翻訳『親知実見』#49-10(387/446)
止禅と観禅
仏陀はまた、以下の如くの教導を行った:
”Yo ca vassasataṃ jīve、dussīlo asamāhito;
ekāhaṃ jīvitaṃ seyyo、sīlavantassa jhāyino.”
もし、人が100歳まで生きても、戒もなく、定力もないのであれば、一日生きて、戒を持して、禅定の修行をするのがよい。

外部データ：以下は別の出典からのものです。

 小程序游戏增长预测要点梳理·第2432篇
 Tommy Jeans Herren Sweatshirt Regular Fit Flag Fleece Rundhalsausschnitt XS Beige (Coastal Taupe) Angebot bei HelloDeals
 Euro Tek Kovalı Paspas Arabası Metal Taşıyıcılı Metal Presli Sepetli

(Dhp.110)
何故であるか?
というのも、禅定を通して、完全に展開された心は、大智慧を生起することができ、己自ら涅槃を見ることができ、己自ら、生死輪廻の終点を見ることができ、かつ、一切の煩悩と痛苦を根こそぎ断じ除くことができるが故に。
こうしたことから、我々は、戒行を基礎として、止禅と観禅を修行する必要があるのである。
我々は、四念処(Cattāro satipaṭṭhānā)を修行しなければならない。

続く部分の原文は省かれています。